Lessons from my First Writing Retreat

A couple weekends ago, my brother was kind enough to lend me his space in Toronto so I could get away from my kids, for the first time ever, and focus on my writing. He made fun of me a lot because he thought I would miss my kids so much I’d be back by 9pm the same day that I got there. But I was determined! The more he teased, the more determined I became to prove a point! I could do this. My kids were in good hands with their dad!

I did it, and I learned things that would make the next retreat better, so I wanted to share some tips.

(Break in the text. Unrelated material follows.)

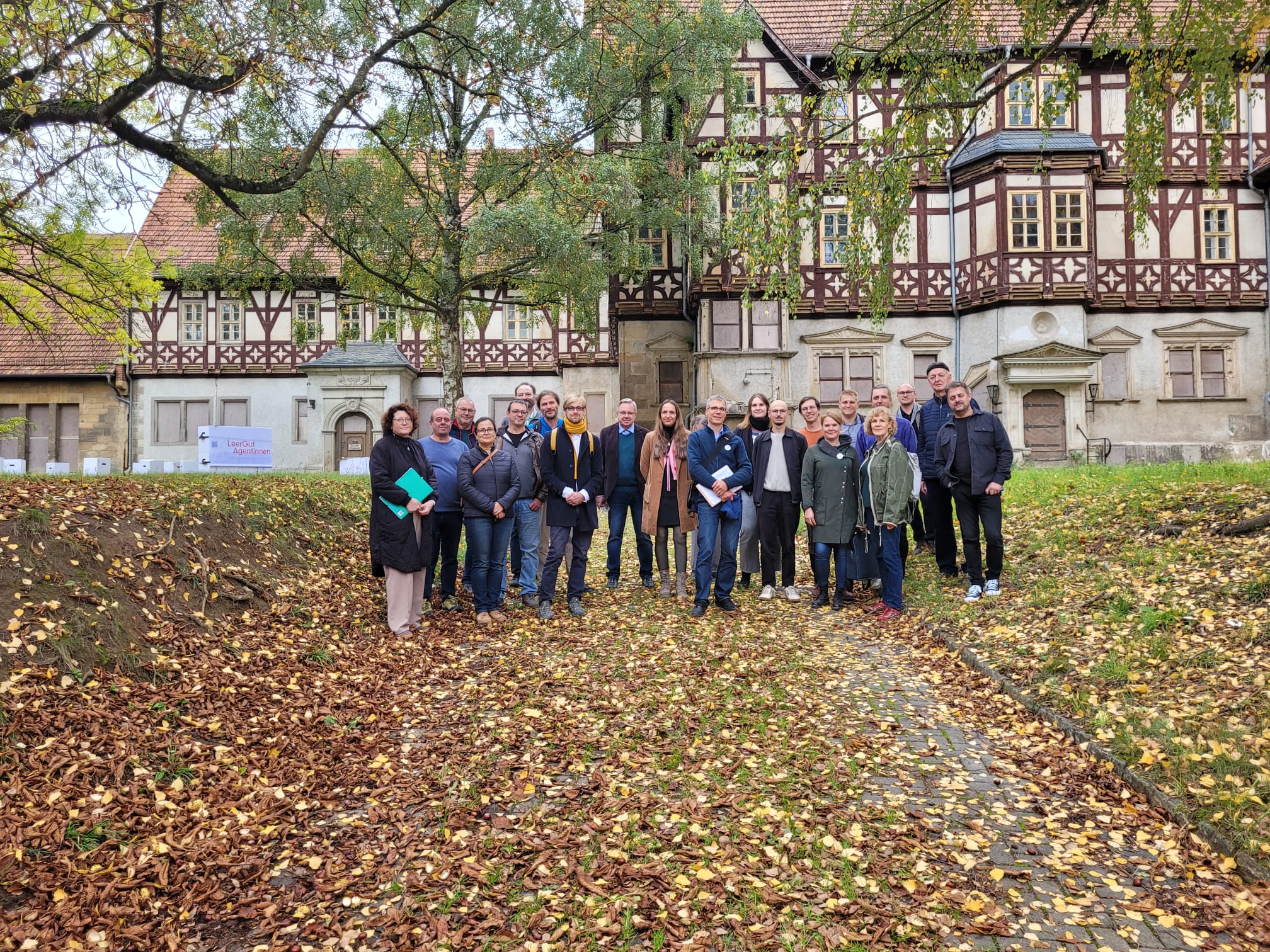 Die LeerGut-Agent*innen mit Netzwerkteilnehmenden am Schloss Mihla. Foto: LeerGut-Agent*innen e.V. Die LeerGut-Agent*innen mit Netzwerkteilnehmenden am Schloss Mihla. Foto: LeerGut-Agent*innen e.V.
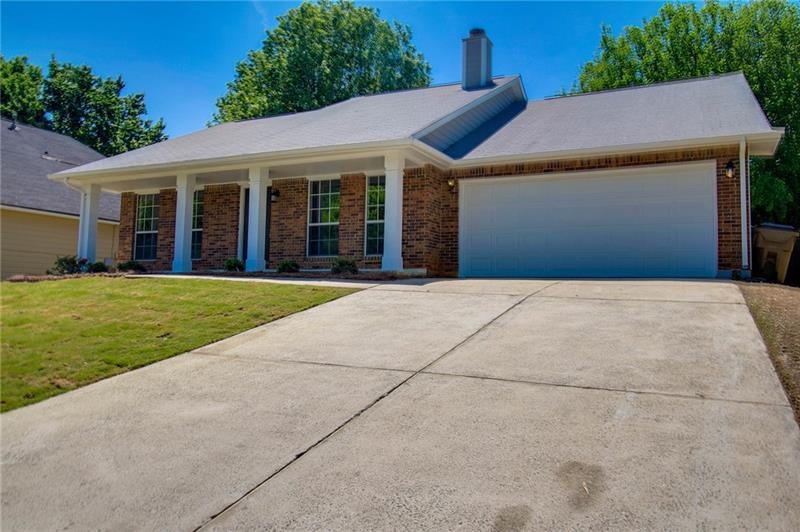 10525 Willow Meadow Cir, Alpharetta, GA 30022 - photo 1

  1. Plan plan plan. Know what your goal is for the retreat. Is it to get to a certain word count? Most likely it isn’t. My goal was to get the momentum going again because I tend to write in a disconnected way, where I write two hours one day, and then have to reconnect with my work again a week later when I finally have time again. I wanted to get to a point where I was so connected to my work, I couldn’t wait to get back to it. I got there, so it doesn’t matter that I wrote under 3000 words.
  2. Definitely get away from home. The space worked for me because it was comfortable, food was accessible, and most importantly, I wasn’t home. If I had kicked my family out and stayed home instead, I probably would’ve spent a lot of time cleaning and organizing things in my house that I can never get to.
  3. Love the location. As much as I love Toronto, it doesn’t motivate me. I work in Toronto, so it’s not a change. The place isn’t awe-inspiring anymore. On top of that, it was a cloudy weekend and grey skies are the best thing to depress you and slow you down. So I’ve decided the best place to write is a different environment from the one I’m usually in. Coming from a snowy flat land, the ocean inspires me, mountains inspire me. I would love to write on a sunny resort, or in a cottage by the mountains.
  4. Make sure food is accessible. The last thing you want to do is be cooking 3 meals a day. You also don’t want to have to go to a restaurant to eat every meal. Or maybe you do. To each their own. Make sure there are places to get your caffeine fix whenever you need it. It’s nicer than being cooped up inside, making your own.
  5. Go explore. You’re most productive when you accept that your mind wasn’t designed to be creative for hours and hours without break. I swear, when anyone tells me to get back to work, my go to line is “the creative mind doesn’t work like that.” Because it doesn’t!! You need to go for a walk, to get your ideas flowing; you need to take a break and go swimming. You’ll come back more focused. I promise.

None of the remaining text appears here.